Binary dependencies


#1

Following up on this discussion about CxxWrap.jl I would like to discuss some of the choices that can be made regarding binary dependencies:

  1. Build from source or download binaries?
  2. Central or per-package installation prefix?
  3. Role of distribution package managers?
  4. Role of external package managers such as Conda or Homebrew?

Regarding 1, ideally the user should be able to set a global default option on what he prefers. The default could also depend on the Julia version in use, e.g. use BinaryBuilder-provided binaries if the official Julia binary is running, or prefer building from source if a built-from-source Julia is running. The setting could be as simple as an environment variable, or something more involved.

For 2, if there are inter-dependent binary packages, having a per-package installation prefix can be a pain, so having the option to use a central prefix shared by all binary packages would be nice, from my perspective. I’m not sure if that gives rise to unresolvable conflicts, however.

For 3 and 4, I think that if Julia is available from a package manager, binary dependencies should be provided using the same system if possible.

One concrete use case I have on our CentOS cluster is that we compile a whole series of high-performance libraries with a built-from-source GCC, and it would be ideal if those binaries could be reused from within a built-from-source Julia, without needing separate config of each package.

CC @StefanKarpinski @staticfloat @tkelman @SylvainCorlay


#2

We have some general plans around giving each external libraries that need to be loaded a UUID. Then, all that somebody else building binaries would have to do is provide a mapping from that UUID to their equivalent library (e.g. HPC centers can integrate this with their module system, distributions can provide a way to map it to their packages). What exactly the declaration of this mapping would look like is a design discussion to be had (probably after we’re done designing and implementing the UUID bit). However, our first priority will be to get everything working with BinaryBuilder, such that if you’re using the julialang.org distribution of julia, everything will just work for every package.
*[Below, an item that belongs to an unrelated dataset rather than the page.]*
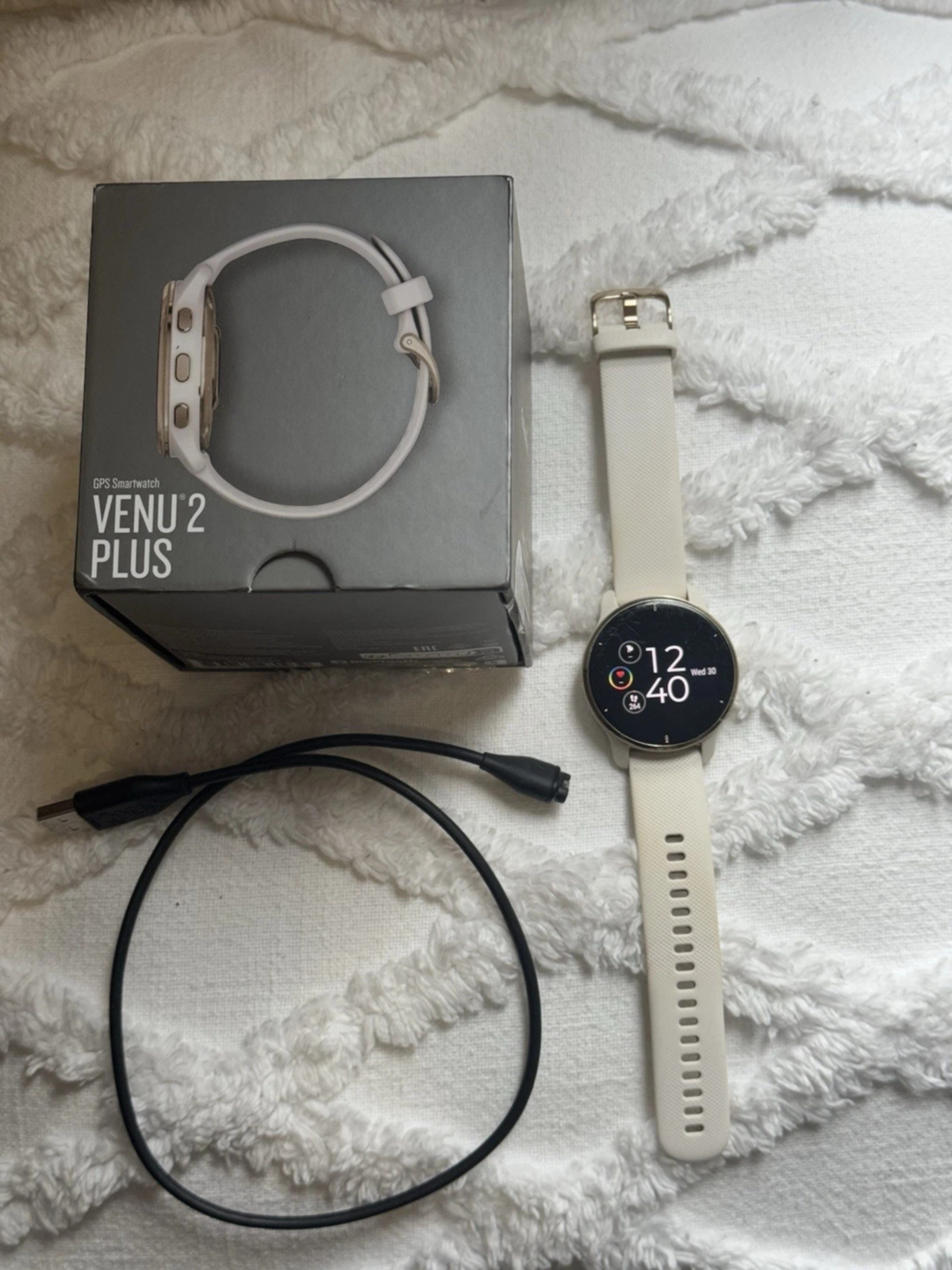 Garmin Venu 2 Plus GPS Smartwatch Stainless Steel Cream Gold Ivory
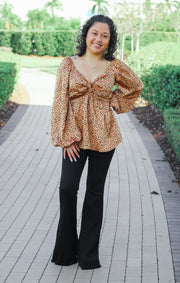 The Spotted Twist Front Blouse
I do note, that producing this mapping will be a lot of work for distribution maintainers, but hopefully we can provide some tools to make it easier (e.g. generating an overview of which packages work, which don’t, which binary dependency would provide the most bang for the buck - as well as automated testing).

There’s also a question about how to mix-and-match libraries that we want to provide and those from a distribution. I think the best thing to do here would be to give BinaryBuilder the ability to create a “virtual shard” with that distribution’s compilers and runtime support libraries. Hopefully, with the above mentioned tooling that should be able to fill out any missing binaries mostly automatically.


#3

OK, sounds good, having per-library control like that is certainly fine-grained enough to make anything possible, and I suppose higher-level tooling to manage things could even be added through packages.


#4

I must say that the proposal of Keno for having external dependencies given a UUIDs worries me. It looks like a system that would be completely ad hoc to Julia… Package managers would need to create tools to map it to their packages etc…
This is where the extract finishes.